# van camping in eugene



## blu beard (Apr 5, 2018)

we’ve been floating around Eugene and Oregon in general for the last few weeks but finally decided to stick around Eugene for a few weeks or months while I get a job (veggie cook by trade). we’ve found spots to sleep every night, some better than others, but none that felt safe, as in safe from being rolled up on and asked to leave by the coppers..

any suggestions or reputable spots for sleeping in a van around Eugene? we don’t mind sleeping around other vans as long as there’s not a lot of drama, I guess that’s our only requirement. other pros are clean sites, sites away from the city and light pollution, and sites not next to noisy ass train tracks (picked a poor spot the other night and woke up every 90 minutes thanks to train honkins). 

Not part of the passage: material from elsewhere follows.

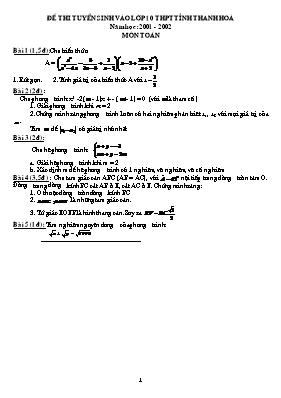 Bộ đề thi tuyển sinh vào Lớp 10 THPT môn Toán - Sở GD & ĐT Thanh Hóa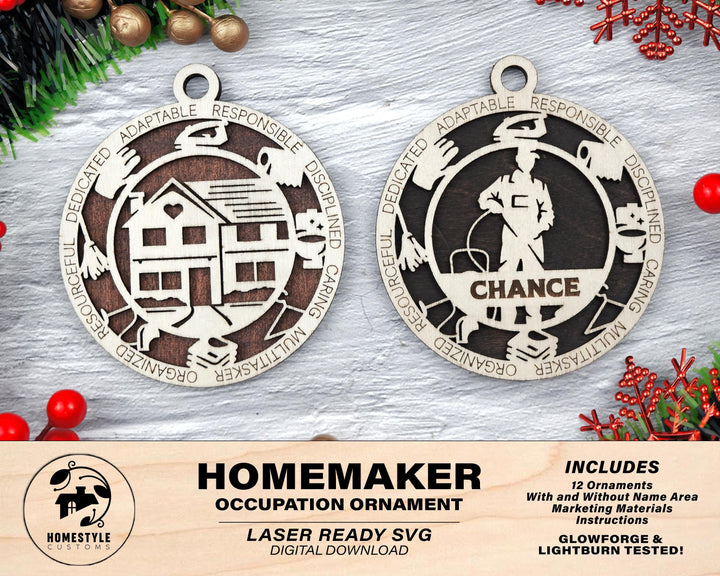 Homemaker - Occupational Ornaments - Contains 6 Ornaments Male and Female - Custom area - SVG, PDF, AI Files - Works on all Lasers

any and all information welcome and appreciated!


----------



## blu beard (Apr 7, 2018)

*buckles under the weight of incoming information*


----------



## jimi (May 4, 2018)

It's been a few years and I'm not sure if it's still chill since the tweaker situation keeps getting worse and worse, but I've parked in Glenwood at night without being bothered. Wouldn't leave my van unattended out there in most cases though. How far out of town do you wanna be?


----------



## Solidaridog (May 8, 2018)

Even though it's close to the tracks, street parking near the Wandering Goat has never failed me. IMO its definitely worth buying earplugs. Its a good spot to meet punks and other folks who are on the road/ have been in the past, you can park up closer to the the river if you want a bit more quiet, and I've generally been left alone even though it's residential.


----------



## WanderingDao (May 12, 2018)

According to my currently RTing friends in Eugene, the cops generally will leave you alone as long as you move every day and don't cause trouble. Most of the permanent RTers park in the Whit (around Wandering Goat), or near the REI, or on the residential streets West of Downtown.


----------



## Dayoldpizza (May 27, 2018)

Aah eugene, such easy camoing in the city, followed by relentless homebums, beat up rvs and seasonal allergies. 
Alton baker park usually is a no problem parking spot, by the fallafel course they have a st. Vinny de paul sposored rv van area for registered people. Across the parking lot generally where i park is close to thd restrooms 50 yards or so away. Late night shennanigans can happen. West 11th walmart, the street directly behind, not only has a huge bum camp, but also easy accessible parking with no sinage stating to move. 
The wandering goat/whittiker area is ideal aswell but can be loud, the willamette park with the rose garden by spencers butte is always seasonably perfect. Springfield is just as easy. 
As everyone prior stated, clean up and you will be fine. 
For the spots that are quiet in eug, thats a toss up, if you head south one exit from the university on the 5, the first gas station has always been a easy go to for me ... Just when i want privacy.


----------



## Rhubarb Dwyer (May 28, 2018)

All of those suggestions are perfect. The Whit, particularly near the Goat, is kind of an historic anarchist stronghold. This time of year, you'll find many motherfuckers camped all around you. 
Get used to the trains. It's worth being there. 
Go get some coffee early morning and meet a bunch of loony bitches.
Also, if you need it, there are tons of free meals in town everyday.


----------



## Dayoldpizza (May 28, 2018)

Don't forget the saturday market ,drum circle, broadway and willamette 1 am bar scene chaos, wow hall hangs, 5$ buckets of day old voodoo donuts AND you keep the bucket ... The food bank north eugene by rosevelt 4 corners gives dank options, bring your own boxes!
Florence has a great community aswell if you can stand the elderly and cops, slow days, bad wifi at the library .the south jetty at the very end you can park on right on the water line and camp for free. Its tecnically not the camping area. Or head up to freddies and parking lot camp . . .
The 126 east of venetta has a lot of pull offs and a great selection of creek river run offs to enjoy. Plus the venetta cannabis club always has a 1/4 for 25 bucks!


----------